翻看手机,朋友圈已经刷屏: “著名摄影家魏少云先生 2015年12月13日逝世,享年82岁。”文字旁是魏老的一张肖像照,一脸的笑意,黑框眼镜下,那双从我认识魏老18年来任何时候看都在笑着的眼睛,深邃而睿智。
——从和你做同事那天起,你总是从不停歇,行色匆匆,就连离别也不例外……
一
从1958年、1968年创办咸阳报,到1986年复刊咸阳报,再到1998年扩版增刊为咸阳日报,魏老都是见证者和创始人之一。作为咸阳摄影界“国宝级”元老——魏老在自己的岗位上一呆就是几十年。

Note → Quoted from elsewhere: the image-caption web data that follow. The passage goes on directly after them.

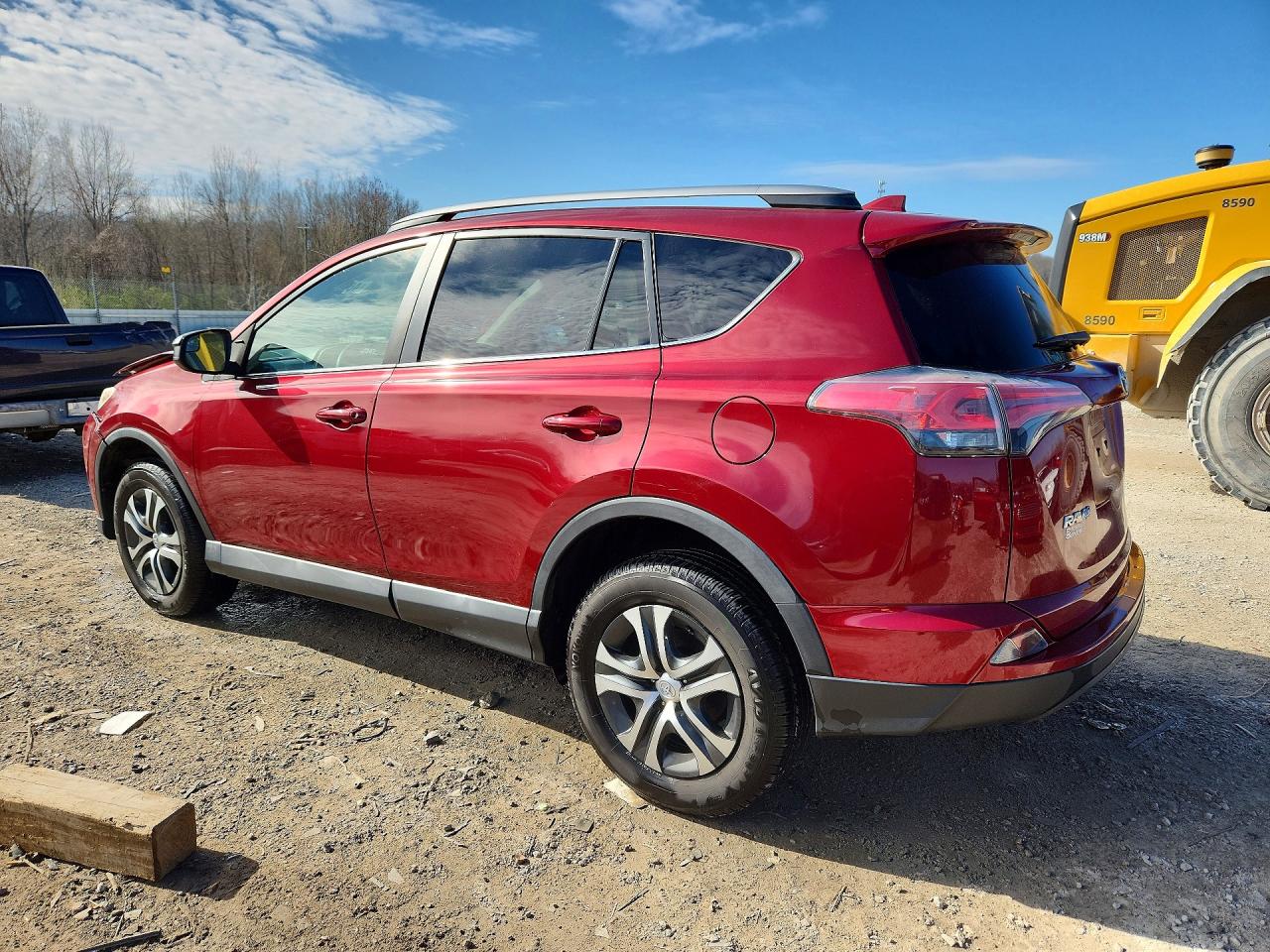 2018 TOYOTA RAV4 LE photo 3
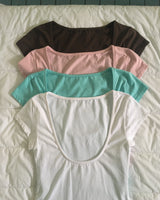 アクールUネック半袖Tシャツ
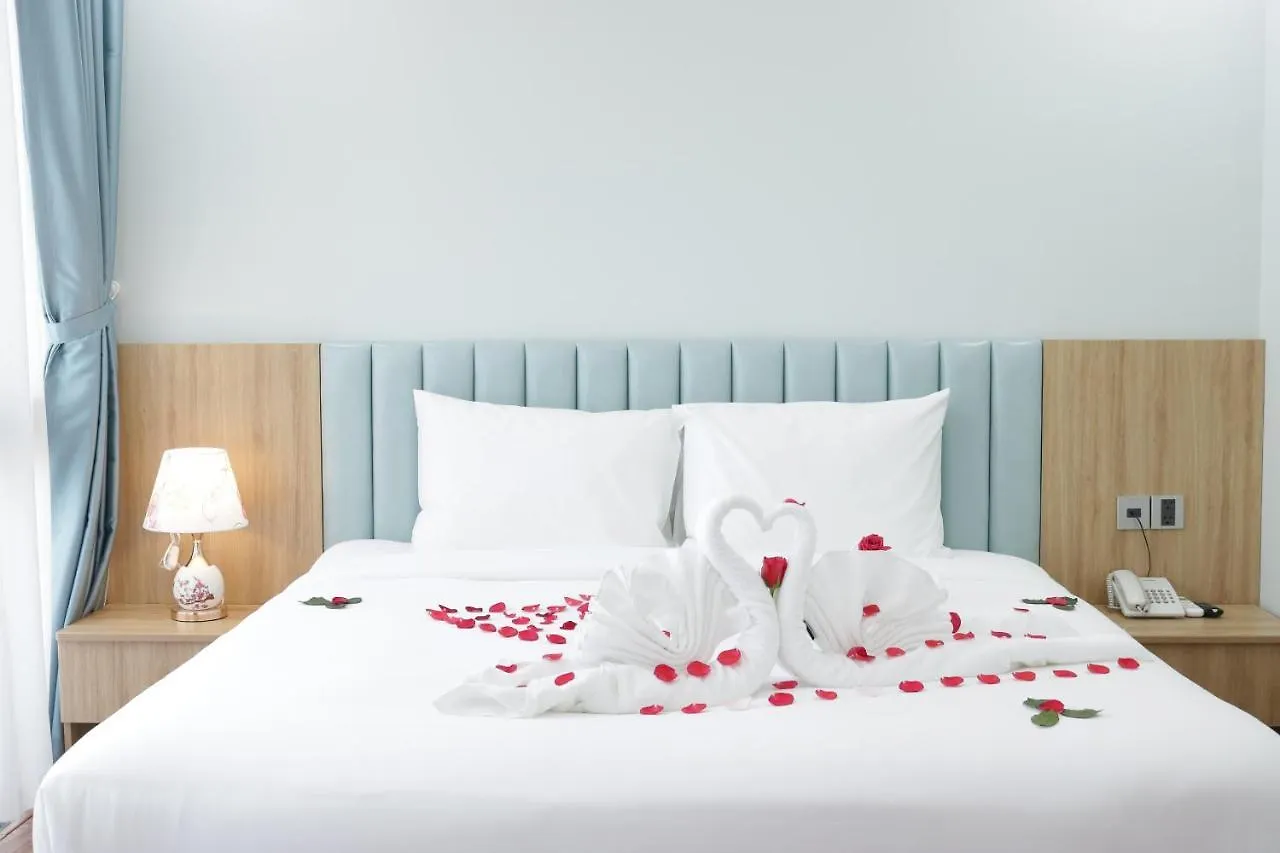 Hummer Hotel & Apartment Da Nang Beach
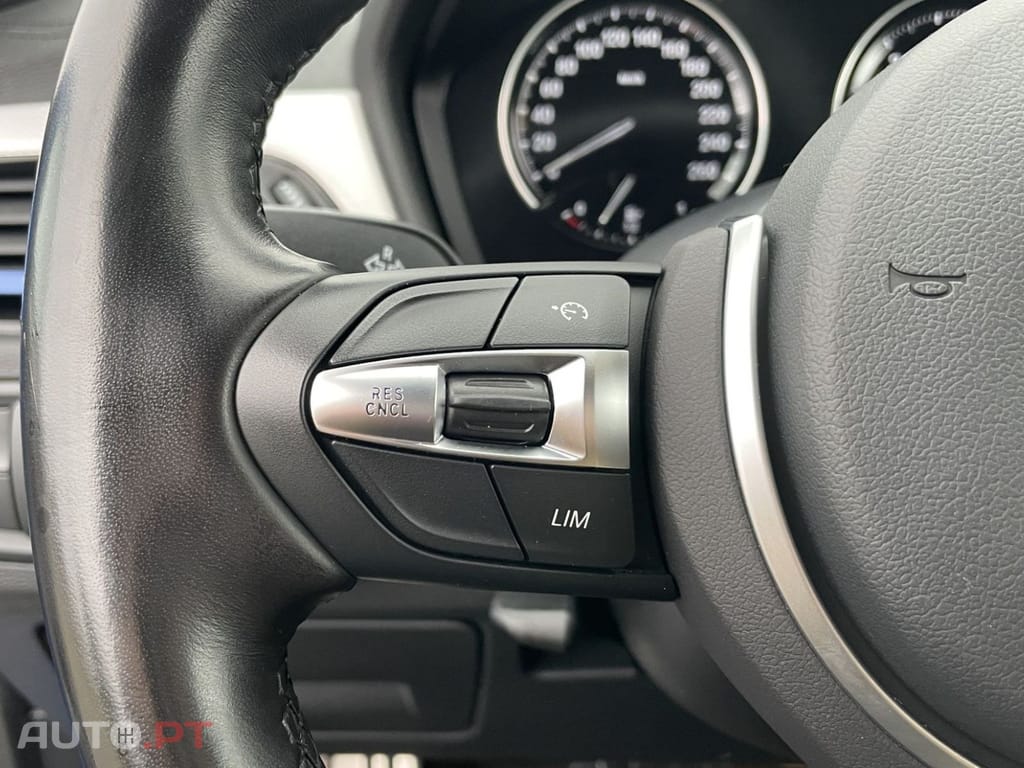 BMW X1  xDrive25e M Sportpaket I.V.A DEDUTÍVEL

我在报社虽然工作了二十多年,但进报社很晚,和魏老共事也就三四年。年近古稀的魏老已退休,作为返聘人员在摄影部工作。作为一名从事新闻工作的晚辈,我没有资格也不敢评价魏老对于报纸的新闻图片和版面视觉所作出的巨大贡献、所产生的深远影响,但我却见证了那几年中的一千多个日夜一位优秀的老新闻工作者对于一份报纸所付出的热情和厚爱,还有那份浓浓的新闻情怀。
从1998年元月开始,我在编报部工作。每天晚上7点前编审核签第二天要刊发的所有稿件后,便要挑选夜班要用的新闻照片。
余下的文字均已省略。